TASK TO COMPLETE ▸ Reproduce only this range: the line holding "Captain Patrice Evra" through the last line of the data below, both included, exactly, with no pictures.

[Stored entries]
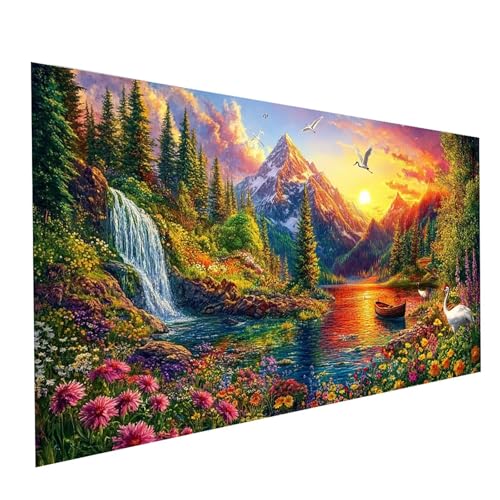 Diamond Painting Landschaft, 5D DIY Malen Nach Zahlen Erwachsene mit Diamond 40 x 80 cm, Diamant Painting Bilder Kran, Square Strasssteine Stickerei Embroidery kit, für Deko Wohnzimmer Model-10123 von XELIETOO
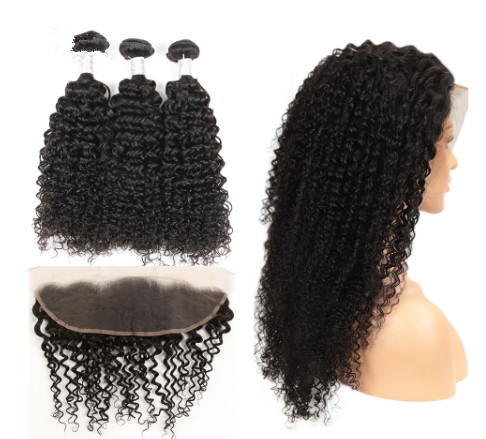 China Natural Color Kinky Curly Hair Extensions Human Hair For Black Women on sale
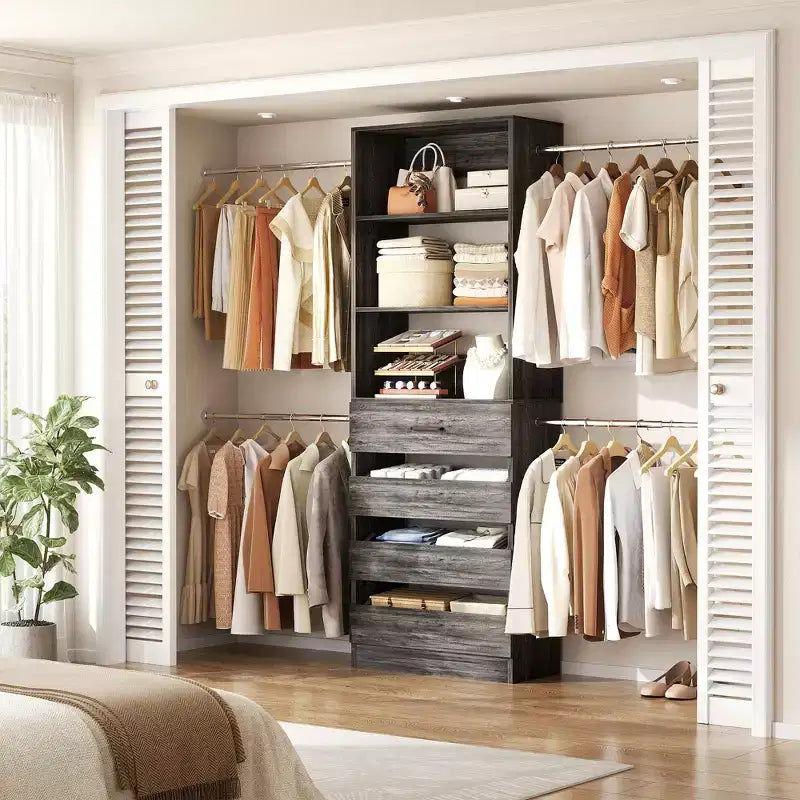 Besiost-Schrankorganisationssystem aus Holz, 4-9 Ft, mit 4 Schubladen, 4 Kleiderstangen und Regaltürmen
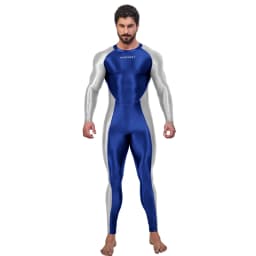 AMORESY Draco Men Oily Glossy Elastic Patchwork Jumpsuit Tracksuit Bodysuit Wrestling Sport Gym Fitness Tight Overalls Sweatsuit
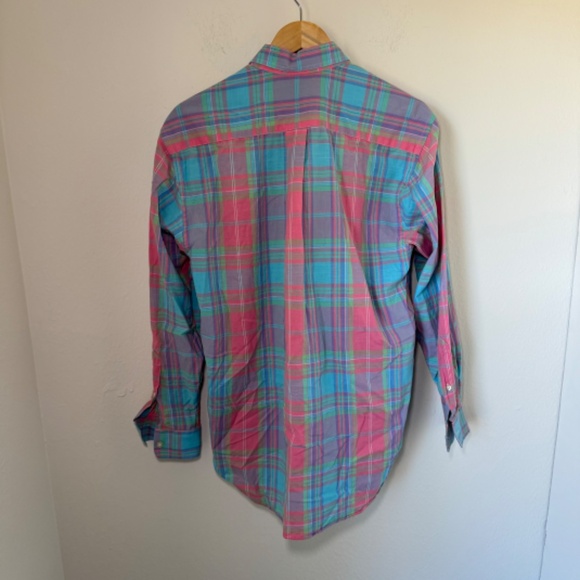 Vineyard Vines Shirt Men's SM Multicolor Plaid Woven Whale Preppy Long Sleeve - Picture 5 of 5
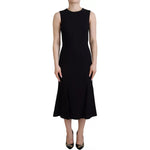Dolce & Gabbana Black Dress Sheath Flare Viscose Dress Dolce & Gabbana Black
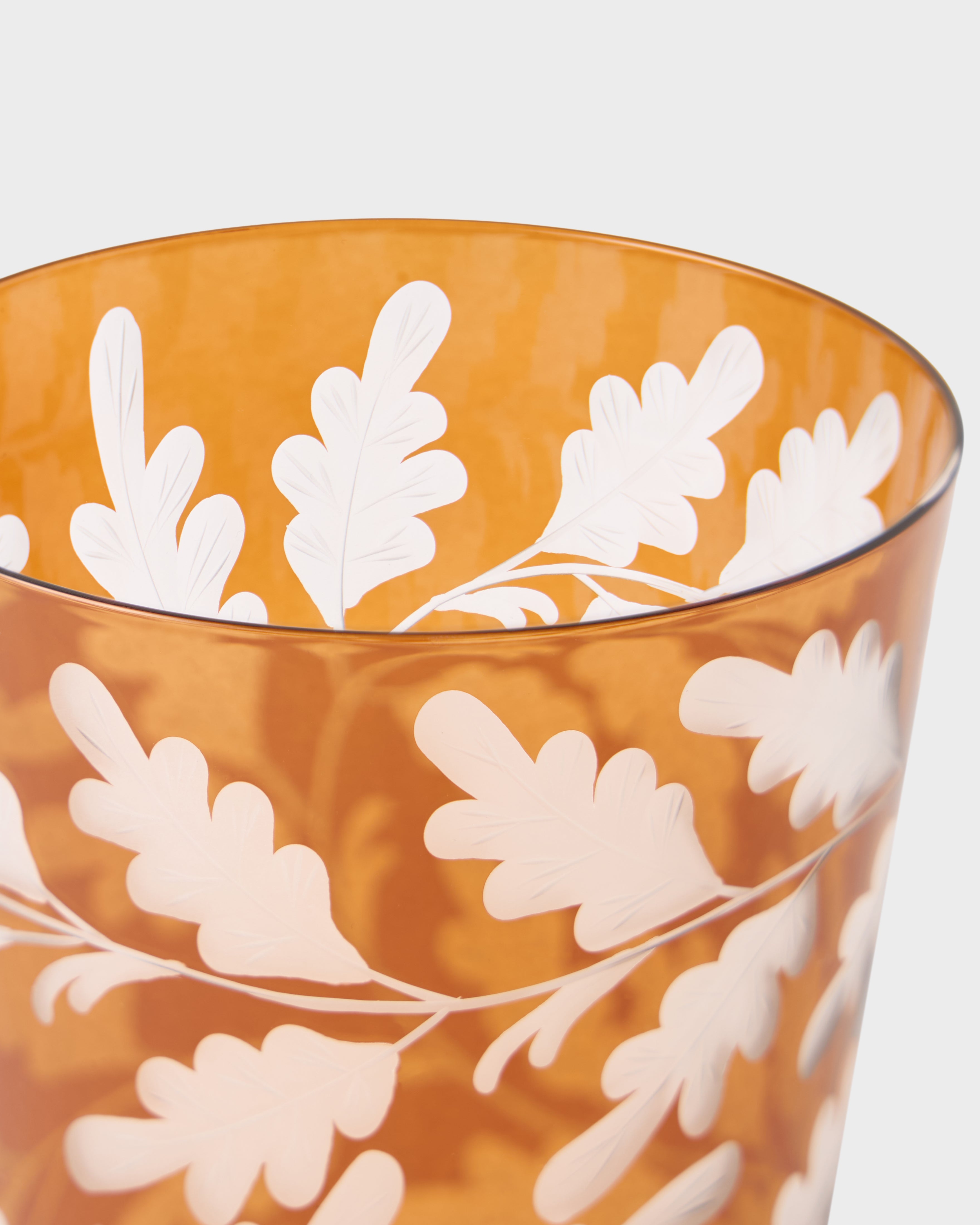 Engraved Oak Leaf Water Tumbler in Walnut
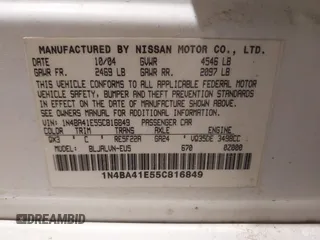 2005 Nissan Maxima SE z VIN 1N4BA41E55C816849, wystawiony jako IAAI lot #40978612 z przebiegiem 127 952 mil mil oraz . Historia ofert i sprzedaży dostępna na DreamBid. Obrazek 9.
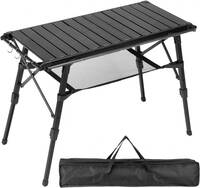 IGT テーブル アウトドアテーブル キャンプテーブル 高さ調節４３～６4㎝ 折り畳み 軽量 igt互換 収納袋付 (ブラック)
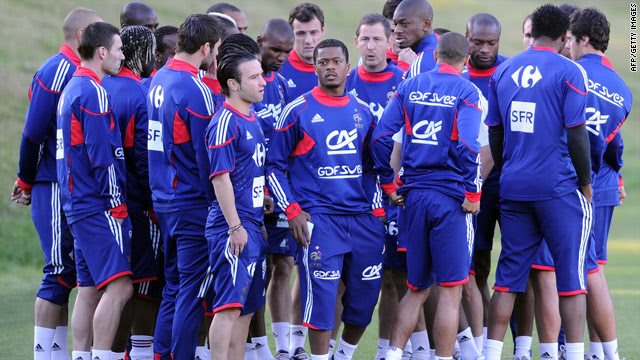 Captain Patrice Evra (center) was involved in a training ground row prior to France's World Cup walk-out.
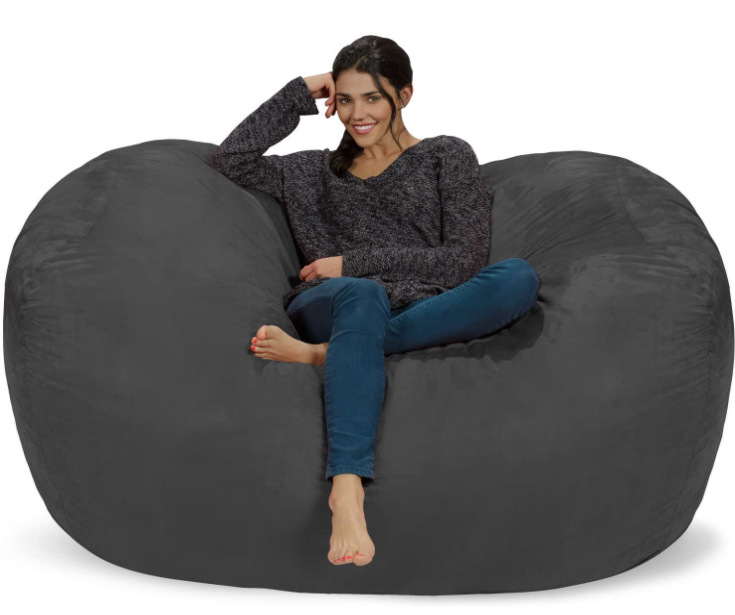 Chill Sack Bean Bag Chair: Huge 6' Memory Foam Furniture Bag and Large Lounger - Big Sofa with Soft Micro Fiber Cover - Charcoal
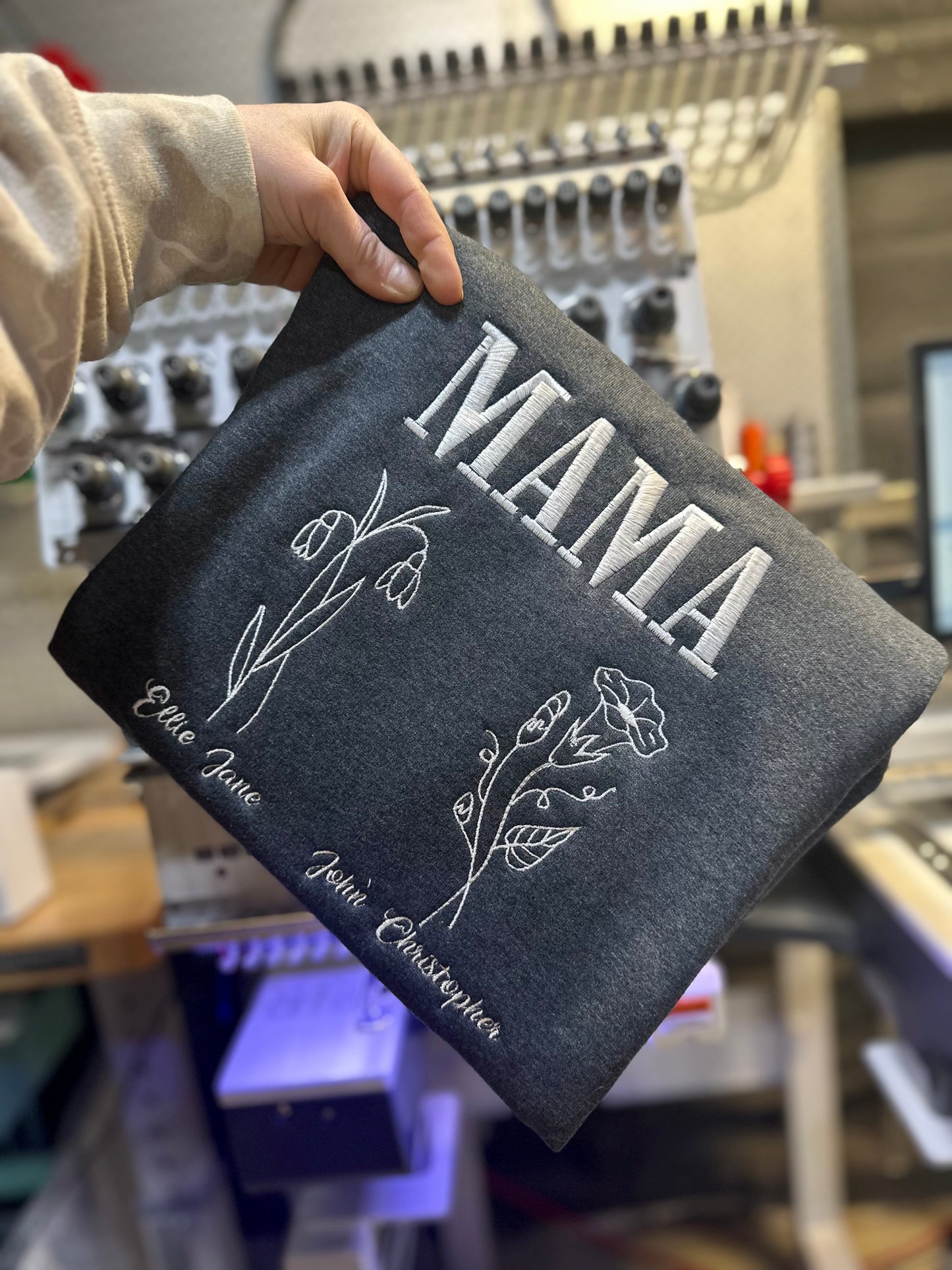 Birth Month Flowers Embroidered Sweatshirt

TASK ANSWER ▸
 Captain Patrice Evra (center) was involved in a training ground row prior to France's World Cup walk-out.
 Chill Sack Bean Bag Chair: Huge 6' Memory Foam Furniture Bag and Large Lounger - Big Sofa with Soft Micro Fiber Cover - Charcoal
 Birth Month Flowers Embroidered Sweatshirt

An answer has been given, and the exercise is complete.